The researchers compared the results of a one-year, 100-car study with drivers ages 18-72 with an average of 20 years of experience, and the results from an 18-month study of 42 teens who had drivers' licenses for less than three weeks when the study began.
Participants in both studies drove vehicles equipped with data acquisition systems developed at Virginia Tech's Transportation Institute, including a minimum of four cameras and sensors that collected continuous video and driving performance data during the studies. Researchers watched the video of the drivers and noted any distracting behavior before or during a crash or near-crash.
The researchers found that during the first six months behind the wheel, novice teen drivers engaged in secondary tasks less frequently than experienced drivers. But they matched experienced drivers between months seven and 15, and were engaging in the distracting behaviors more frequently than experienced drivers during months 16-18. The young drivers logged a two-fold increase in risky distractions during the last three months of the study.
One of their findings: The teens were engaging in distracting behaviors beyond just using their cellphones.
"Many states have adopted graduated driver licensing provisions that limit cellphone use," said Tom Dingus, director of the institute and a co-author of the paper. "However, it is not the only risky behavior for novices." He added that talking on a cellphone doesn't increase crash risk for either novice or experienced drivers, while dialing increases the risk for both groups.

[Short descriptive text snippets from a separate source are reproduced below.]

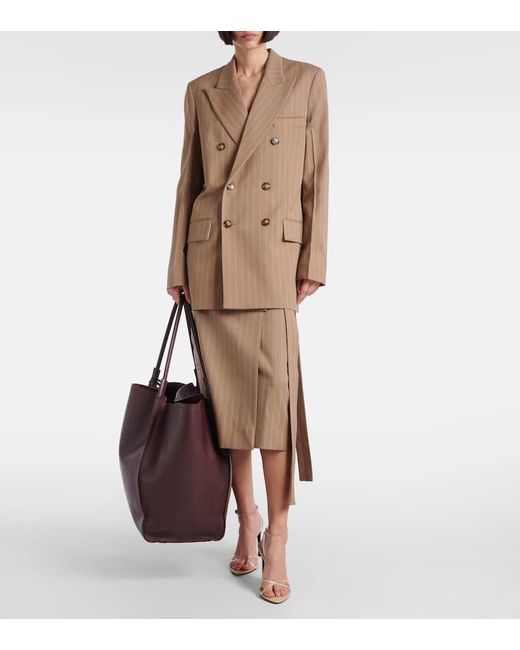 Jupe Midi En Laine A Fines Rayures Victoria Beckham en coloris Natural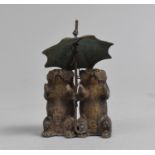 A Small Continental Cold Painted Spelter Study of Two Seated Bears under Umbrella, 7.5cms High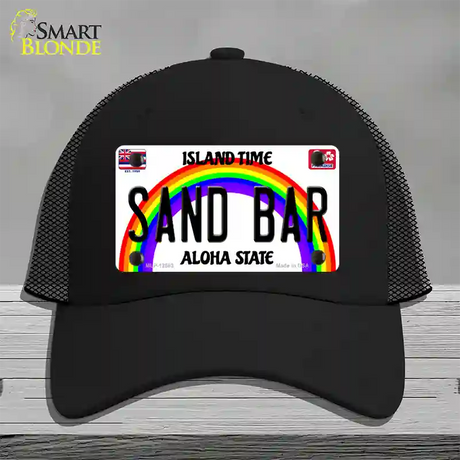 Sand Bar Hawaii Novelty License Plate Hat Mesh / Black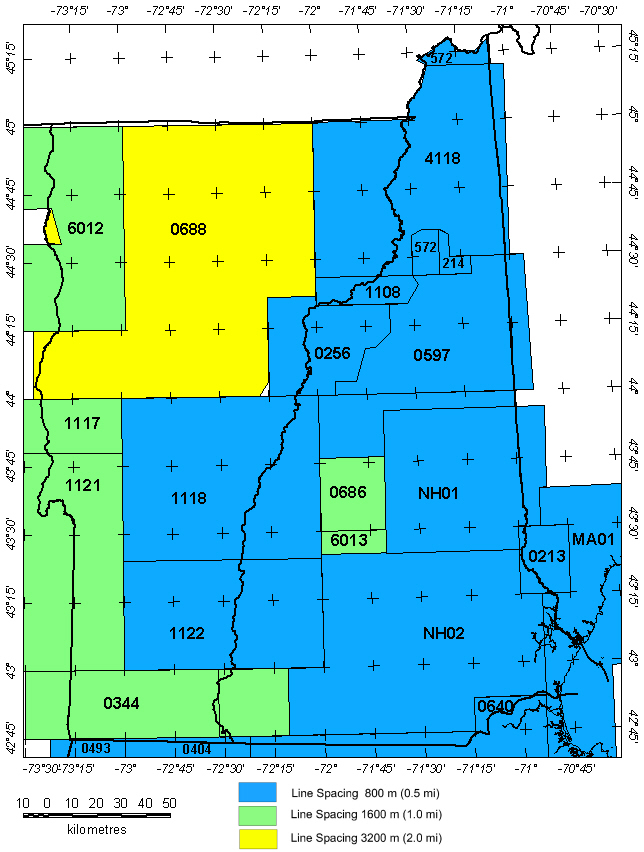 Index map  for aeromagnetic surveys of Vermont and New Hampshire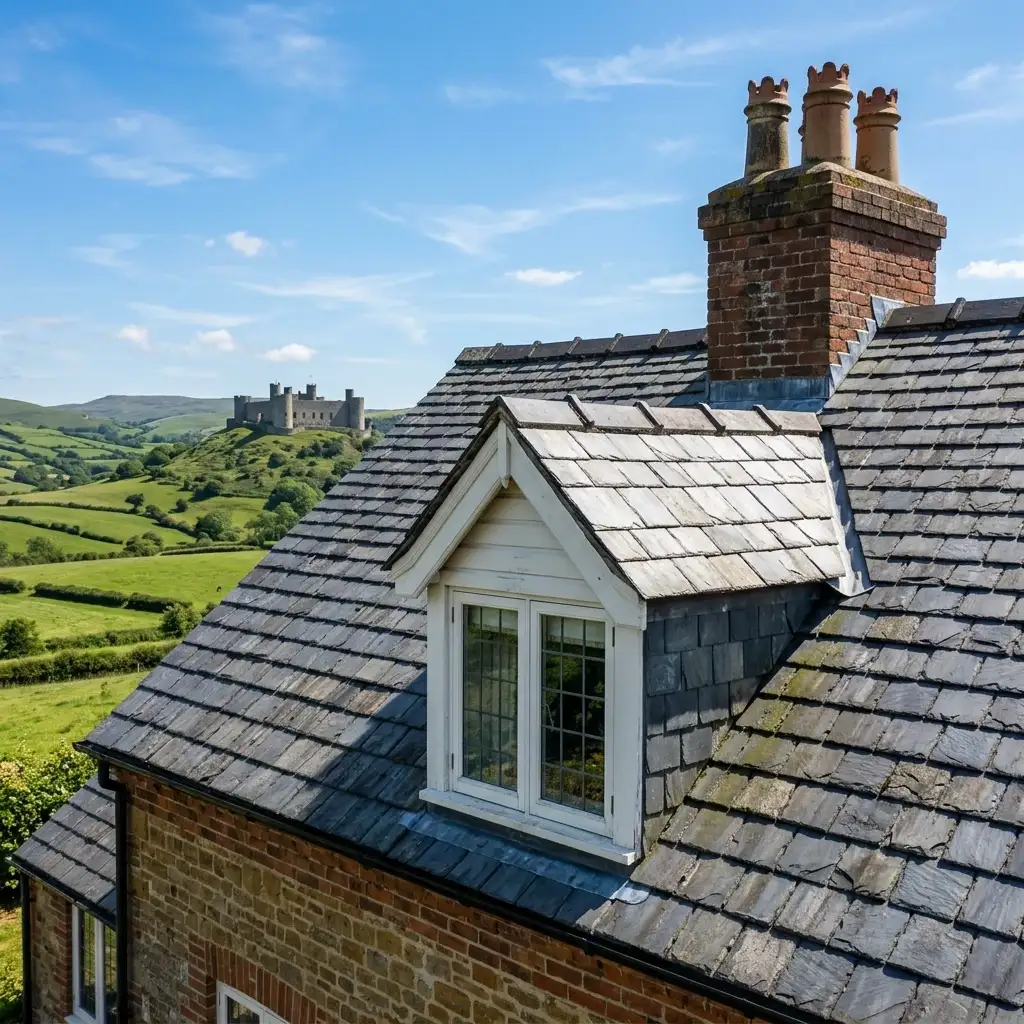 Slate roof and countryside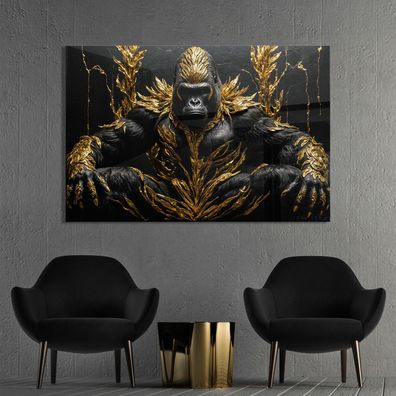 Affe Gorilla in Gold Kunst, Wandbild Deko Tier in Leinwand, Acrylglas oder Poster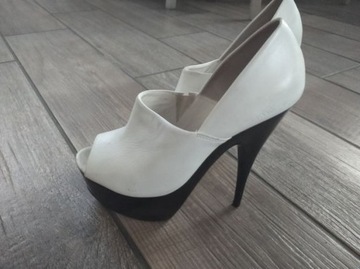 Szałowe białe buty Skóra naturalna r.38
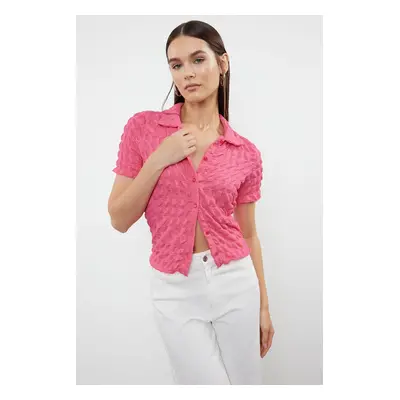 Trendyol Fuchsia Textured Fitted Short Sleeve Stretchy Knitted Blouse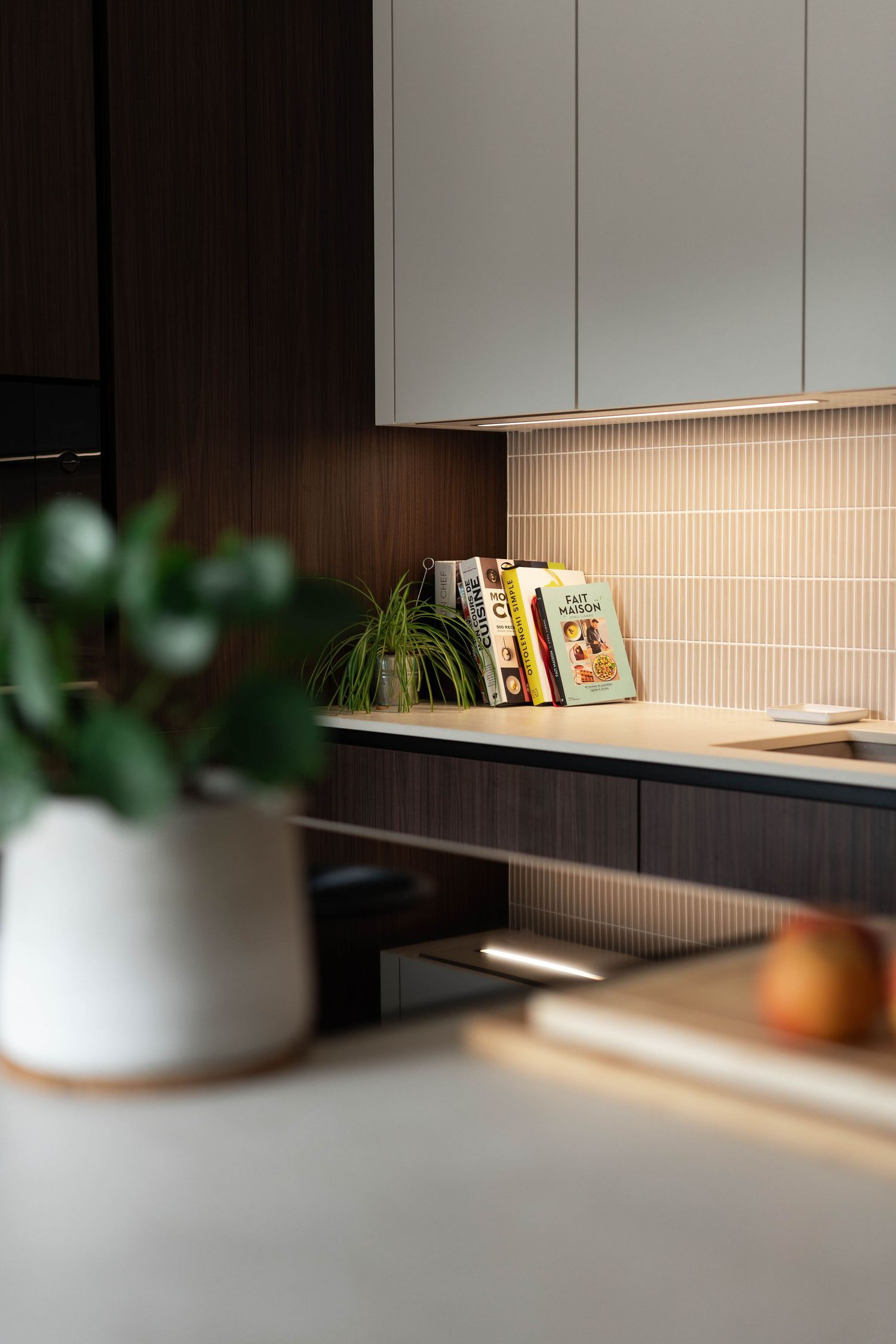 Minimalist kitchen design with cookbooks and plants on wooden shelving.
Cuisine moderne avec livre en décoration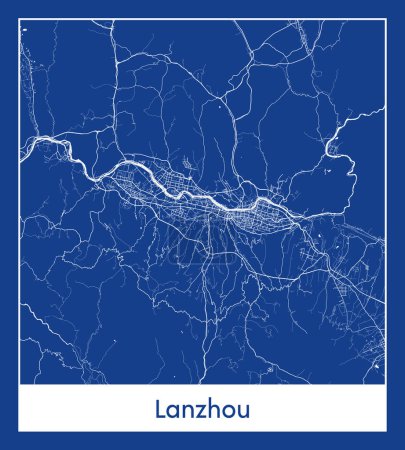Illustration for Lanzhou China Asia City map blue print vector illustration - Royalty Free Image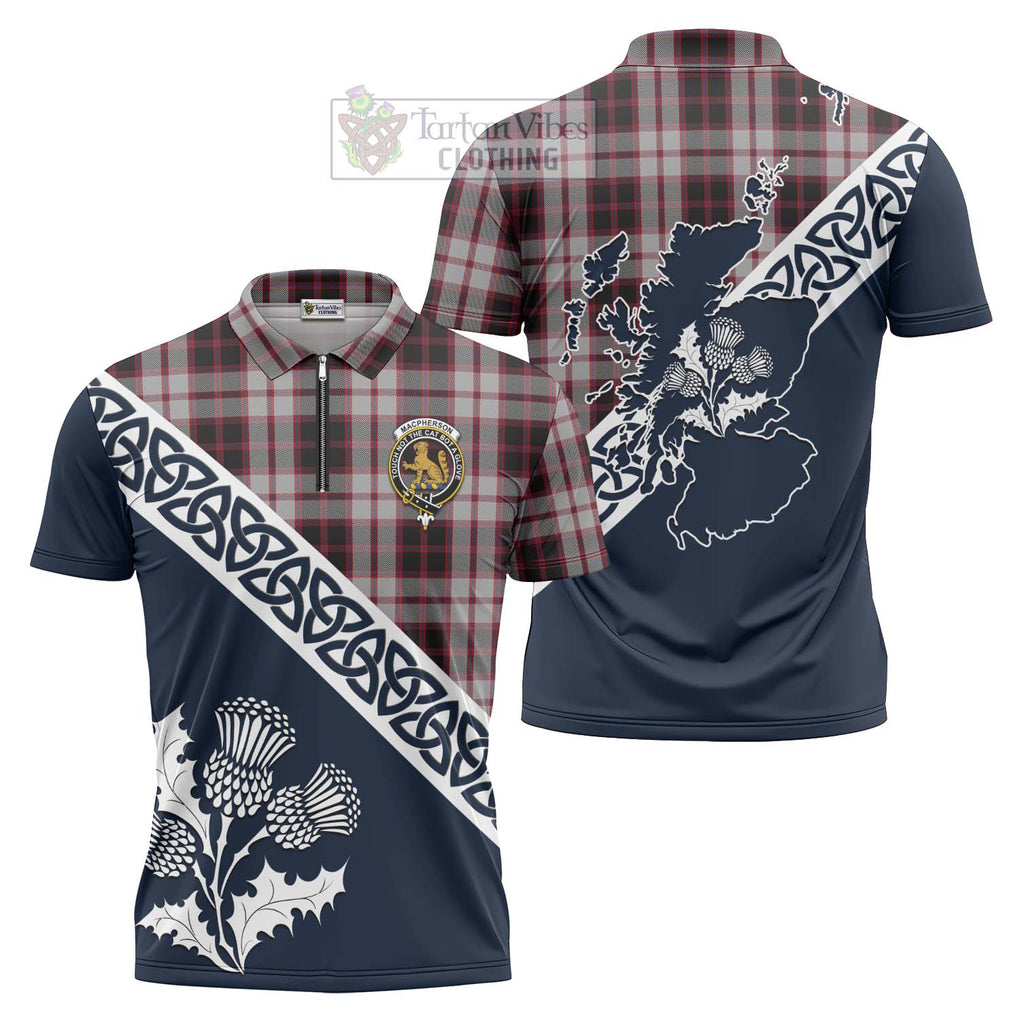 Tartan Vibes Clothing MacPherson (McPherson) Tartan Zipper Polo Shirt Featuring Thistle and Scotland Map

Bruce Simons-Morton, a senior investigator with the National Institutes of Child Health and Human Development, said the study is the first to measure how much multi-tasking distracts novice drivers and how that compares to more experienced drivers.
Among the findings from institute researchers: Engaging in tasks associated with the use of hand-held cellphones and other portable devices increases the risk of crashing by three times; sending or receiving a text message takes a driver's eyes off the road for an average of 4.6 seconds, the equivalent of driving the length of a football field while blindfolded at 55 mph; behind the wheel use of hands-free cellphones is not substantially safer than hand-held use.
Klauer says she hopes the new study will remind parents of teen drivers to continue monitoring their children's behind-the-wheel behavior as they gain experience.